Installing VarAlign (uses Conda)
# Download
$ git clone https://github.com/stuartmac/VarAlign.git
# Set up conda environment with all requirements
# You may need to add Bioconda channels:
$ conda config --add channels defaults
$ conda config --add channels bioconda
$ conda config --add channels conda-forge
$
$ cd VarAlign
$ conda env create -f environment.yml
$ source activate varalign-env-py3
# Install VarAlign
$ pip install .
# Run tests (some will probably fail, in particular ProIntVar isn't installed yet!)
$ python -m unittest discover tests
*requires ProIntVar and Arpeggio
Arpeggio needs to go in a seperate environment because it requires Python 2.

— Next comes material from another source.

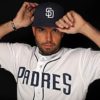 MLB: Eric Hosmer thanks for number 30 with a Rolex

# Setup environment with arpeggio dependencies
$ conda create -n arpeggio python=2 pip numpy biopython openbabel
$ source activate arpeggio
# Get patched Arpeggio
# Remember to leave the VarAlign folder if you're following this in order!

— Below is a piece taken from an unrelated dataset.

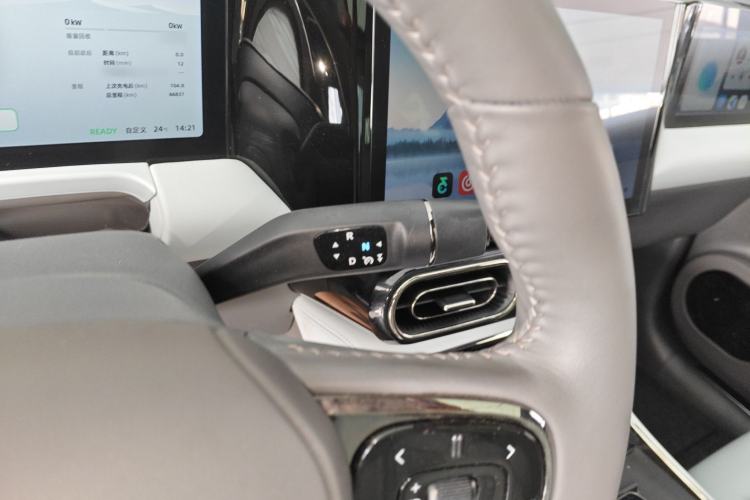 Used Leapmotor C01 2023 630 All-Wheel-Drive Performance Version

$ git clone https://bitbucket.org/biomadeira/arpeggio
$ cd arpeggio
$ python arpeggio.py -h
Install and configure ProIntVar. (NB. ProIntVar requires Python 3.)
# Install ProIntVar (https://github.com/bartongroup/ProIntVar)

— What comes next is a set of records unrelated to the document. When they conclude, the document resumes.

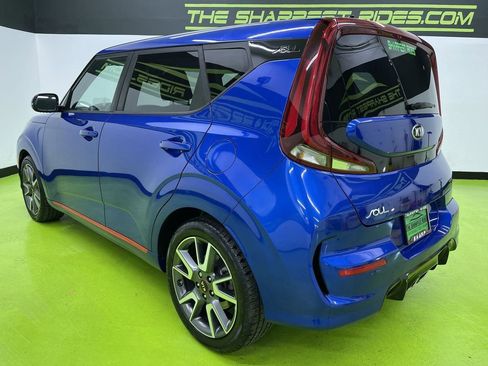 Used 2020 Kia Soul GT-Line Turbo image 7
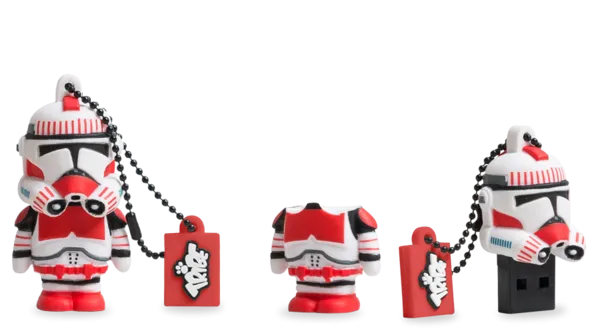 Star Wars USB Flash Drive Shock Trooper *SALE*
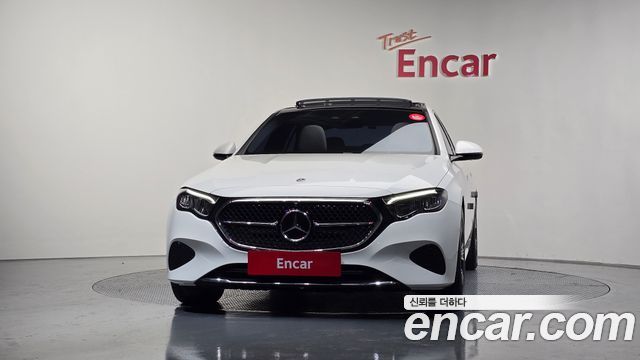 Mercedes-Benz E-Class E200 Avantgarde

$ source activate varalign-env-py3
$ git clone https://github.com/bartongroup/ProIntVar.git
$ cd ProIntVar
# Patch ProIntVar and install
$ git apply /path/to/VarAlign/ProIntVar.patch
$ pip install .
# Configure ProIntVar
$ ProIntVar-config-setup prointvar_config.ini
# *** Edit the following values in prointvar_config.ini ***
# arpeggio_bin = /path/to/arpeggio/arpeggio.py
# python_exe = /path/to/anaconda/envs/arpeggio/bin/python
# python_path = /path/to/anaconda/envs/arpeggio/python/lib/site-packages/
$ ProIntVar-config-load prointvar_config.ini
# Check it works (rerun VarAlign tests)
# If you ran the tests earlier you may see a FileExists error for .../VarAlign/tests/tmp, delete this and try again.
$ cd path/to/VarAlign/
$ python -m unittest discover tests
VarAlign uses a configuration file to set key paths and parameters that need to be set before you run. Priority is given to a config file that is present in the execution directory, letting you keep parameters beside results, but a global config file can also be used.
Setting up a config file in the working directory
$ cd /path/to/desired/working/dir/
# Get a copy of the template config file shipped with VarAlign
$ cp /path/to/VarAlign/varalign/config.txt ./
# Edit the settings as you require
# Testing that the new values are correctly loaded by VarAlign
$ python
>>> from varalign.config import defaults
>>> defaults.gnomad
'./sample_swissprot_PF00001.18_full.vcf.gz'
I recommend you download a Pfam alignment that has at least a few human sequences and then try:
varalign --species HUMAN <YOUR_ALIGNMENT>
AACon is bundled with VarAlign and needs java to run. Some nodes on our cluster are missing java so you may wish to install java-jdk in the conda environment.
I have gnomad downloaded under my homedir in .../NOBACK/resources/gnomad/, set this up in config.txt if you like.